Aucune référence à l'islam n'est néanmoins mentionnée dans le texte de loi. Celui-ci dispose que «nul ne peut, dans l'espace public, porter une tenue destinée à dissimuler son visage», en ce sens que ces pratiques «peuvent constituer un danger pour la sécurité publique et méconnaissent les exigences minimales de la vie en société».
Validée par le Conseil constitutionnel en 2010, puis par la Cour européenne des droits de l'Homme (CEDH) en 2014, la loi prévoit jusqu'à 150 euros d'amende en cas d'impair. En l'espace de cinq ans, plus de 1.500 verbalisations ont ainsi eu lieu.
Le voile partiel, interdit dans les établissements scolaires sauf universités
Le hijab, tout comme le tchador iranien, est autorisé en France dans tout l'espace public, à l'exception des écoles, collèges et lycées publics, et ce depuis la loi du 15 mars 2004 qui interdit le port de signes religieux jugés «ostensibles» dans les établissements scolaires. Le texte de loi proscrit également le port de la kippa, de grandes croix chrétiennes ou encore du dastar, turban porté par la communauté sikh. L'université n'est pas concernée par l'interdiction.

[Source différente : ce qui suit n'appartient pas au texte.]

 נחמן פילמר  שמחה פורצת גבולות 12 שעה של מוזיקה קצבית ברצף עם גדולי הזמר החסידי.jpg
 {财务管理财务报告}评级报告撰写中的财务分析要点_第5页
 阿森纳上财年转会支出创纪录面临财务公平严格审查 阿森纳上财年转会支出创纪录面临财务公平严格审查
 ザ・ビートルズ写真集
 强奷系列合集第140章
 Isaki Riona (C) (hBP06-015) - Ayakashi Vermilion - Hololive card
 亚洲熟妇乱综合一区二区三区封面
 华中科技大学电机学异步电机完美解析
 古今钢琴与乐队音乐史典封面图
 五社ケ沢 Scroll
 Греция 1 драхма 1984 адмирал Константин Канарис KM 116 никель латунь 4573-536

Et dans les crèches ? A la suite de la célèbre affaire Baby Loup, la justice française avait validé en juin 2014 le licenciement pour «faute grave» d'une femme voilée employée dans une crèche privée. Dans la foulée de cette jurisprudence, les parlementaires ont voté en mai 2015 une loi sur le principe de «neutralité religieuse» dans les établissements accueillant des enfants de moins de six ans.

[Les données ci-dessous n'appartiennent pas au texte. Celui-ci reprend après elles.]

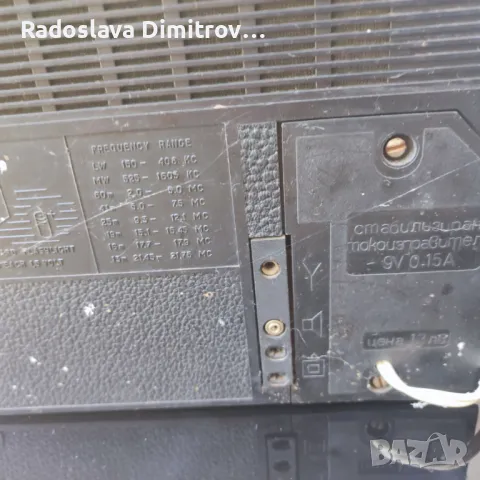 VEF 206, снимка 3 - Антикварни и старинни предмети - 48783838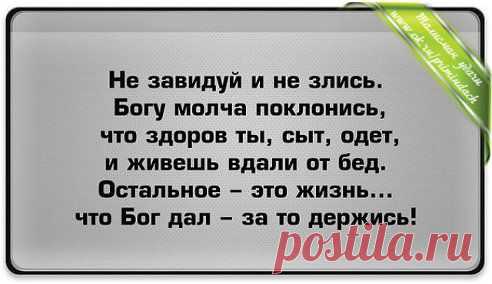 Одноклассники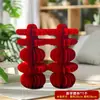 Decoración Colgante de Linterna de Panal con Personaje 3D de Año Nuevo y Primavera Calabaza Bola de Panal Adorno Colgante de Puerta y Pared Arreglo de Festival de Primavera y Año Nuevo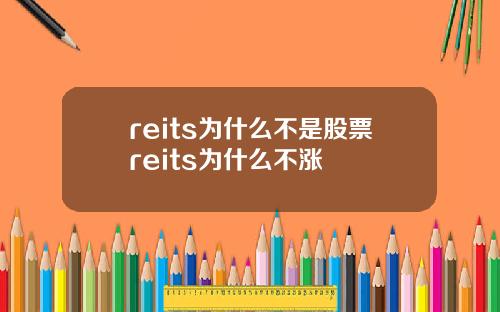 reits爲什麽不是股票reits爲什麽不漲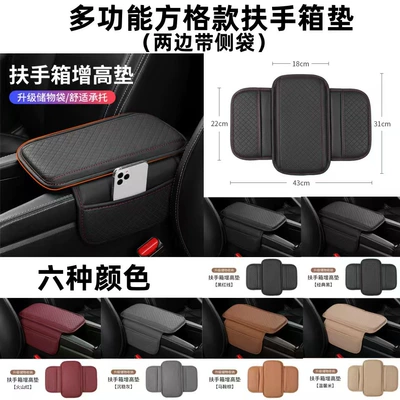 Pad with Storage | Fushou Armrest box pad
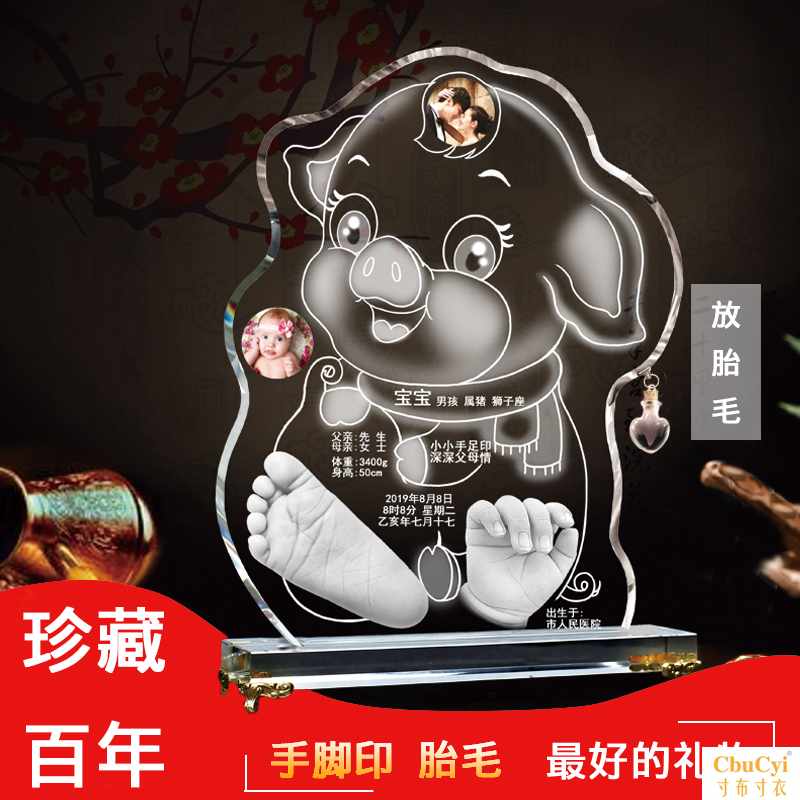 baby Hand and foot inkpad Permanent Footprint newborn baby Hand footprints The age of fetus Hand footprints Anniversary Permanentin the Toy/Childs/Puzzle/Building block/Model , Baby Souvenirs/Personalized Products , Hand footprints category - from Buy2taobao.com to provide professional Taobao agent buy service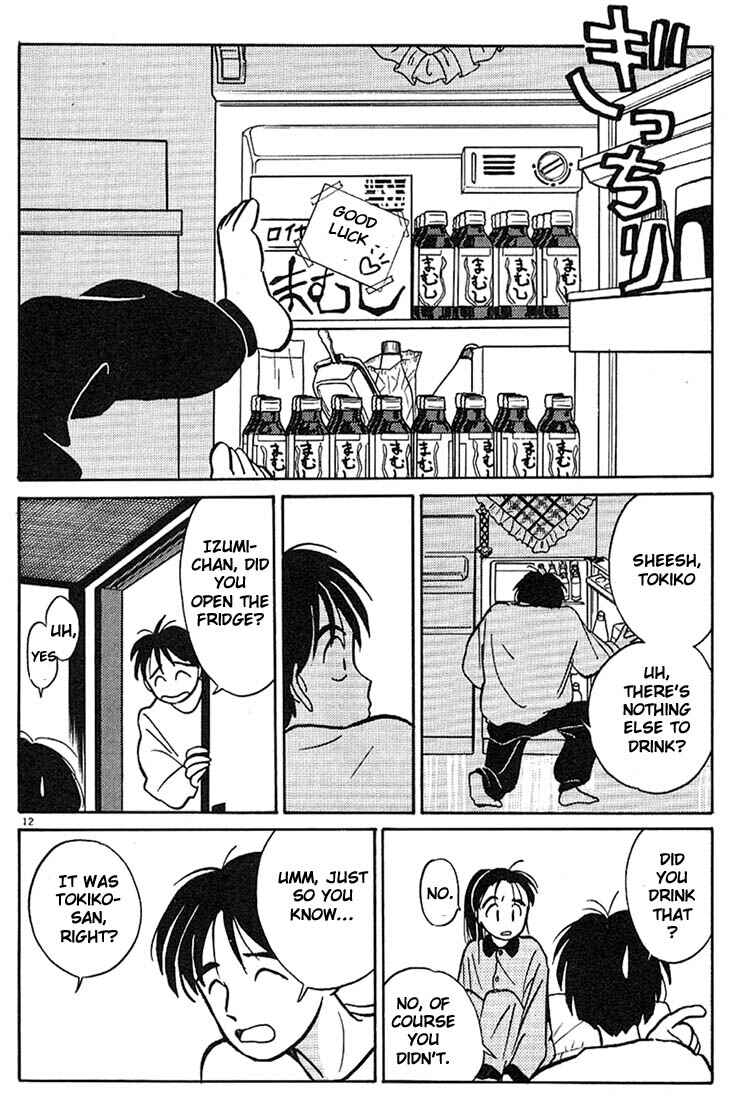 Page 12 Chapter 15 Living Game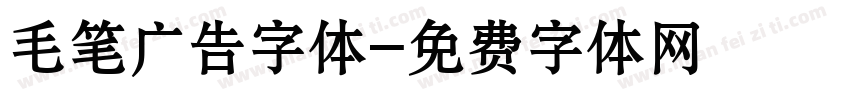 毛笔广告字体字体转换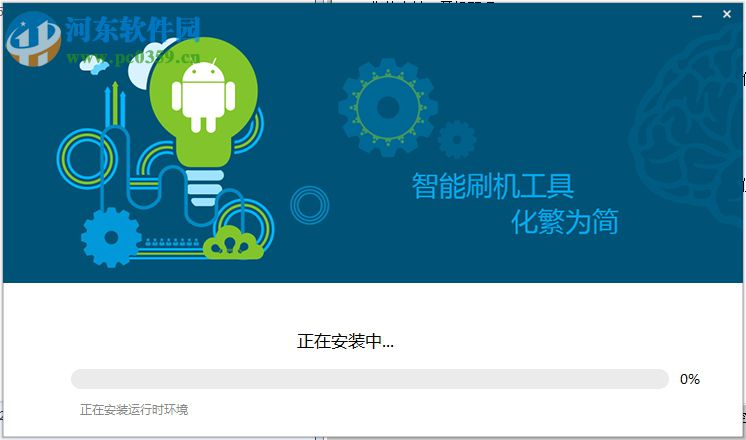 摩云万能刷机精灵(附安装使用教程) 1.2.4 官方版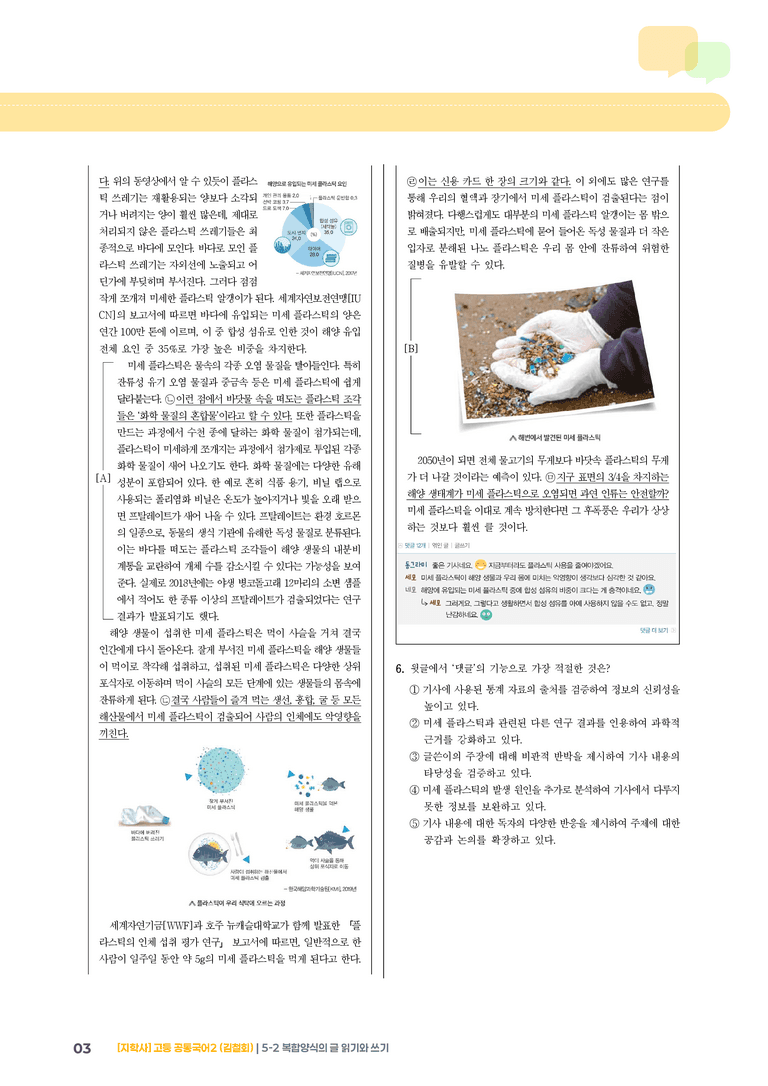 5-2 복합양식의 글 읽기와 쓰기_기출 적중 문제_preview_3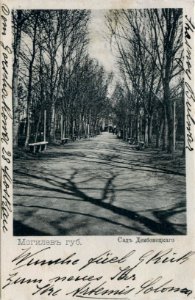 Mahiloŭ, Sad Dembavieckaha. Магілёў, Сад Дэмбавецкага (1910)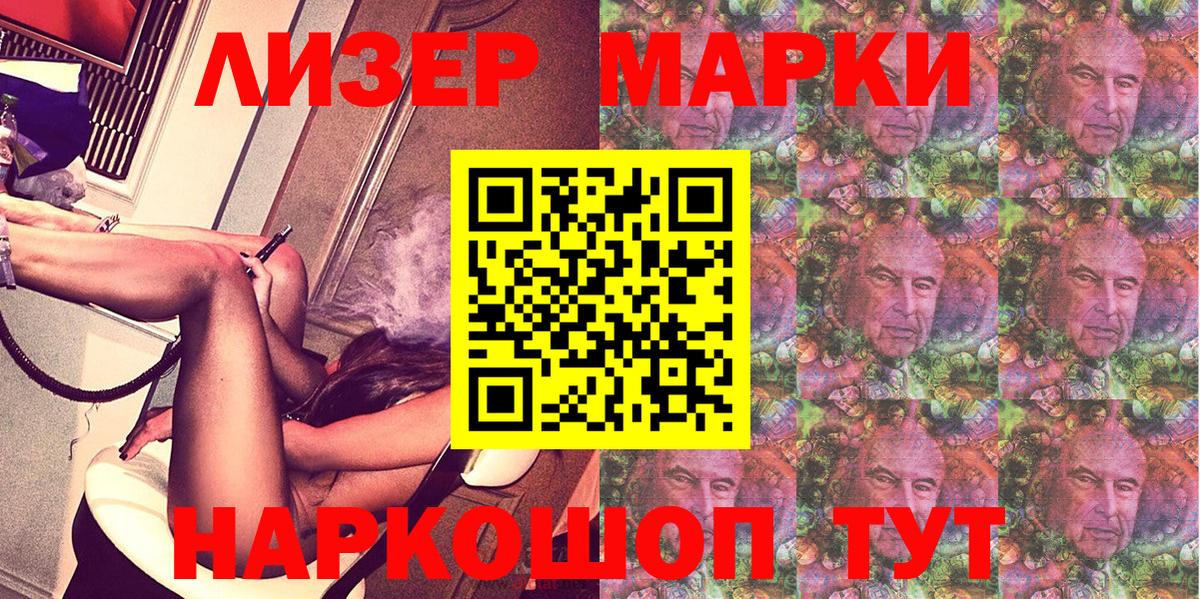 Павлово  Наркотические марки 1500мкг  Наркотические марки 1500мкг  Наркотические марки  Вход с VPN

Le port du voile sur le lieu de travail : au cas-par-cas
Si, d'après la loi, les agents de la fonction publique sont tenus de respecter une «stricte neutralité», la question du port du voile dans les entreprises privées n'est pas définitivement tranchée sur le plan juridique. C'est donc l'approche au cas-par-cas qui prévaut.
Rien n'interdit le voile, en principe, au nom de la liberté religieuse. Mais certains employeurs y sont opposés, estimant que cela nuit à leur activité commerciale. Dans une entreprise, «une clause du règlement intérieur peut interdire à un salarié en contact avec la clientèle le port de tout signe manifestant des convictions personnelles», précise service-public.fr, le site de l’administration française.
Un employeur peut également interdire certaines tenues ou accessoires pour des raisons de sécurité ou d'hygiène sanitaire. Les hautes différentes juridictions françaises (Cour de cassation, Conseil d'Etat) et européennes (CJUE, CEDH) sont régulièrement amenées à statuer au cas-par-cas.
Le burkini, des interdictions suspendues par la justice
Cannes, Nice, Villeneuve-Loubet, La Ciotat, Le Touquet ou encore Saint-Laurent-du-Var. A l'été 2017, treize communes ont pris des arrêtés prohibant le port du burkini sur leurs plages. Là encore, nulle mention du mot «burkini» ou référence à l'islam : les municipalités interdisent l'accès aux plages publiques «à toute personne n'ayant pas une tenue correcte, respectueuse des bonnes mœurs et de la laïcité et respectant les règles d'hygiène et de sécurité des baignades». Une mesure qui laisse donc une grande marge d'appréciation aux forces de l'ordre...
Les mairies, assaillies par les critiques, se défendent en invoquant notamment le contexte d'état d'urgence, qui selon elles légitimerait l'interdiction du burkini, «tenue de plage manifestant une appartenance religieuse» et «de nature à créer des risques de troubles à l'ordre public», selon les arrêts. Contrairement au voile, aucune loi ne restreint le port du burkini, qui demeure rarissime sur les côtes françaises. C'est pourquoi la justice a suspendu la plupart des arrêtés «anti-burkini».